Exercise goal.
Find the line that contains "Así quedó Berni" in the entries below. Output it and each later line exactly, and nothing else.

Material provided.

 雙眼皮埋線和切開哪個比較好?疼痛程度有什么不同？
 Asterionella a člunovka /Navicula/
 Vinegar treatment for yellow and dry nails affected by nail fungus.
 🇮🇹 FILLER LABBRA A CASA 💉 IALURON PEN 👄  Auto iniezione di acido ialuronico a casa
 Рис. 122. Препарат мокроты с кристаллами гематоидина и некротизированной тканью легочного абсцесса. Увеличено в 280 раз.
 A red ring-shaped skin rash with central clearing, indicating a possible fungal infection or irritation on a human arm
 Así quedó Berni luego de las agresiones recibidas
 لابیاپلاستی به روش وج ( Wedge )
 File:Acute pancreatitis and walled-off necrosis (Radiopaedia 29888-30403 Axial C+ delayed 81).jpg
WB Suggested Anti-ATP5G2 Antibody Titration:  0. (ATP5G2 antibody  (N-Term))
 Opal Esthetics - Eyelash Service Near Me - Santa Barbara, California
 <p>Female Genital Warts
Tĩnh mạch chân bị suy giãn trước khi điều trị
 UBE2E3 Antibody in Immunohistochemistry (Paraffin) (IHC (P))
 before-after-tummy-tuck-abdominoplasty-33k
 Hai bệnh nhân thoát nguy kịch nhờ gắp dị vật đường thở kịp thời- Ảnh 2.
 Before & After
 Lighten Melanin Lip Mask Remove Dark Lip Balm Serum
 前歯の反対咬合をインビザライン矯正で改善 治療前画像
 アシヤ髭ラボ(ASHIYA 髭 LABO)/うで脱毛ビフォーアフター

Task answer.
 Así quedó Berni luego de las agresiones recibidas
 لابیاپلاستی به روش وج ( Wedge )
 File:Acute pancreatitis and walled-off necrosis (Radiopaedia 29888-30403 Axial C+ delayed 81).jpg
WB Suggested Anti-ATP5G2 Antibody Titration:  0. (ATP5G2 antibody  (N-Term))
 Opal Esthetics - Eyelash Service Near Me - Santa Barbara, California
 <p>Female Genital Warts
Tĩnh mạch chân bị suy giãn trước khi điều trị
 UBE2E3 Antibody in Immunohistochemistry (Paraffin) (IHC (P))
 before-after-tummy-tuck-abdominoplasty-33k
 Hai bệnh nhân thoát nguy kịch nhờ gắp dị vật đường thở kịp thời- Ảnh 2.
 Before & After
 Lighten Melanin Lip Mask Remove Dark Lip Balm Serum
 前歯の反対咬合をインビザライン矯正で改善 治療前画像
 アシヤ髭ラボ(ASHIYA 髭 LABO)/うで脱毛ビフォーアフター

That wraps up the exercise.